◆ **Task description**: Return nothing but the lines from the line containing "ADP-Ribosylation Factor 3" through the last line of the records, reproduced exactly.

[Records from a dataset]
====================

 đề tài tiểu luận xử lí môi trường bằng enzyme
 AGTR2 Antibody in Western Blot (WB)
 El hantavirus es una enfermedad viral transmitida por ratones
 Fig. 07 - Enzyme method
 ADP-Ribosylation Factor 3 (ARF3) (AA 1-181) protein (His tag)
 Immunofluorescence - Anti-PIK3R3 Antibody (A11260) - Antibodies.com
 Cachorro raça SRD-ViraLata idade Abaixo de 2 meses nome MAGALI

====================

◆ **Response for this exercise**:
 ADP-Ribosylation Factor 3 (ARF3) (AA 1-181) protein (His tag)
 Immunofluorescence - Anti-PIK3R3 Antibody (A11260) - Antibodies.com
 Cachorro raça SRD-ViraLata idade Abaixo de 2 meses nome MAGALI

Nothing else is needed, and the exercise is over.